А где-то уже в середине 50-х поселился прямо под нашей малогабаритной квартирой на шестом этаже несколько странный человек. Чудилось мне или некоторые жившие по соседству народные и заслуженные его как-то поначалу сторонились? Лежал на дяде Коле какой-то необычный, непонятный налет. Знаменитый драматург и сценарист был и своим, и каким-то чужим. Даже мы догадывались, что иногда выпивает, о чем регулярно сообщала нам их домработница. Тогда, кстати, домработниц звали по именам хозяев, эту - Наташа Эрдман, нашу, мою любимую крестную, - Клава Долгополова. Отец хмурился: "Ну, дайте человеку отойти".

Иногда под нами чуть не до утра шумели: это Николай Робертович Эрдман гулял с друзьями-актерами. Его жена, балерина красоты неимоверной тетя Наташа Чидсон приходила к нам иногда и ранним вечером: "Помогите, доведите до дому этих, так разгулялись". И отец, прихватив меня первоклашку, доводил всегда одного и того же - такого же, как и он сам, здоровенного народного СССР по фамилии Борис Ливанов до его дома, к счастью, неподалеку от нашего. Иногда тетя Наташа Чидсон вообще не пускала забредавших к Эрдману настырных гостей, громко не только звонивших, но и стучавших в дверь. Кричала: "Человек только вышел, он поднадзорный, а вы со своей гулянкой".

Однажды Николай Робертович, драматург, на полвека опередивший время, был приглашен к нам на торжественный обед. Много чего из разговоров и его рассказов о сталинских лагерях я не понимал, а потому и не запомнил. Но две детали врезались на всю жизнь. Отец, чудом избежавший такой же участи, спросил, что было самым трудным, мучительным? "Перетаскивать снег, - сразу, без раздумий, как о давно для себя решенном, выпалил Эрдман.- Нас, интеллигентов, они там даже по-своему берегли. Лупили редко, да и не так, как других. Иногда вдруг пайку увеличивали. Доходяг среди нас было немного. Но заставляли зимой перетаскивать снег. Выводили с лопатами, и конвойные: "Давай с энтой стороны вона туда". Только перетащим, а конвой с собачками: "Давай снег - обратно на тую сторону". И так за смену - раза четыре. Тут главное - не сойти с ума. Вроде не так и трудно, но бессмысленность убивала. Нет для творческого, мыслящего человека худшего и более изощренного издевательства, чем эта отупляющая, бесполезная работа".

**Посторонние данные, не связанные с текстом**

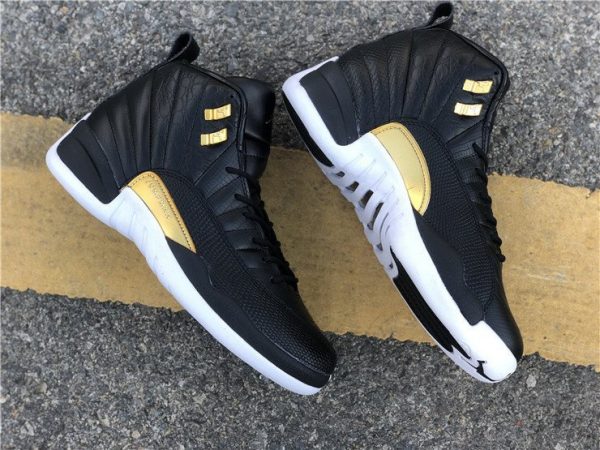 Air Jordan 12 Midnight Black Black Metallic Gold panel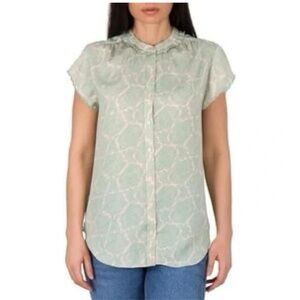 JOIE Short Sleeve Scallop Edge Top in Paisley Stamp Pink Green Blouse Size XXL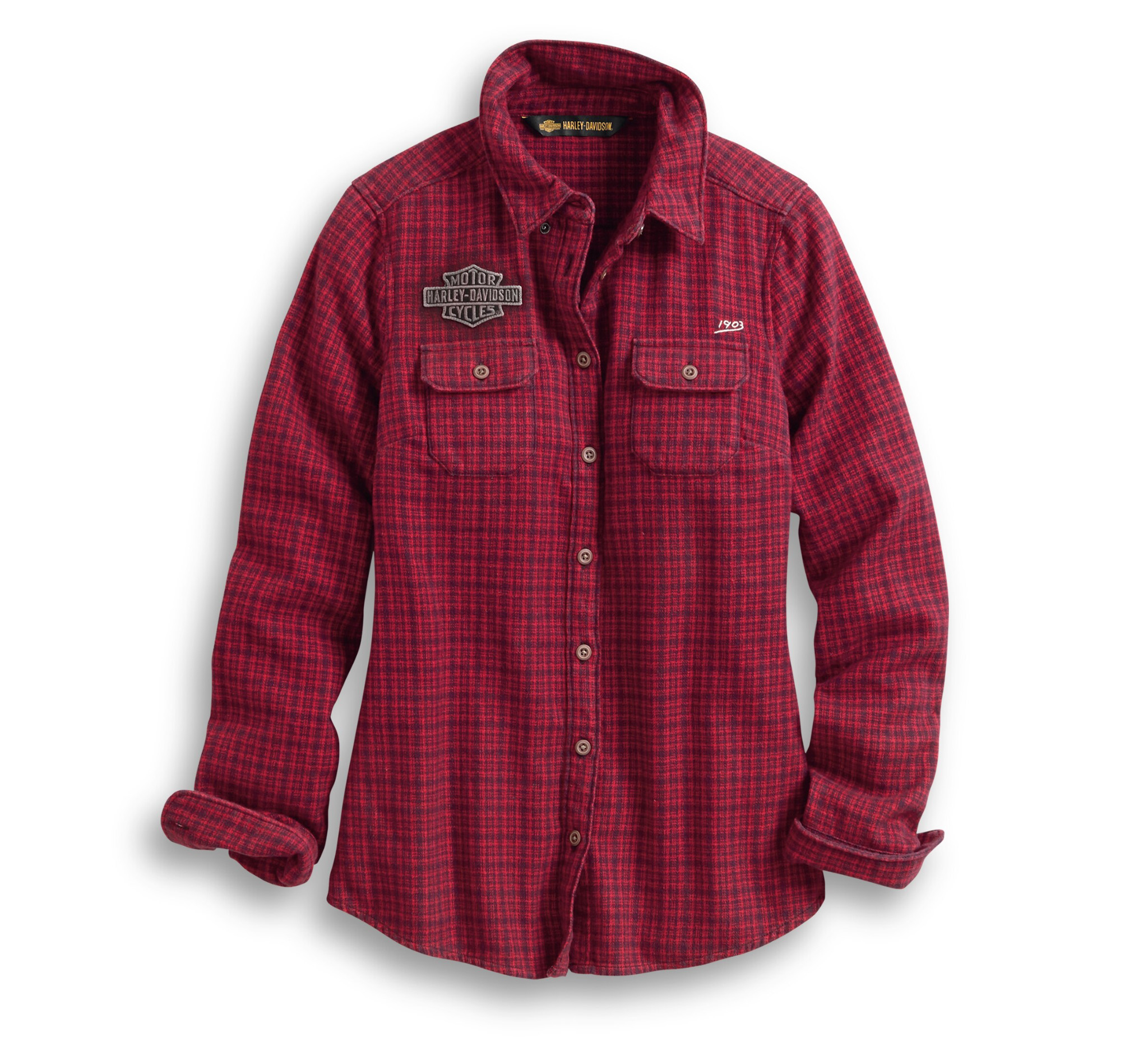 Women's Studded Plaid Shirt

И еще один ответ тоже помню. Отец спросил соседа, за что Николаю Робертовичу продлили срок. "За шутку, - грустно улыбнулся Николай Робертович. - Разрешили переписку, и я как-то подписался "Папин-Сибиряк".

Моя мама засмеялась. "Вот и Сталин мой юмор тоже оценил", - согласился Эрдман. Поэтому когда со стены моего 1-го "А" класса снимали портрет Сталина и вешали вместо него лик Маленкова, я в отличие от некоторых других ребят совсем не расстроился.

А Николай Робертович Эрдман вскоре исчез из нашего дома навсегда. "К нам теперь ходит балетный", - быстренько сообщила нашей Клаве их домработница. Талант ливым редко везет в личной жизни. И поселился в квартире этажом ниже танцовщик и балетмейстер Леонид Лавровский.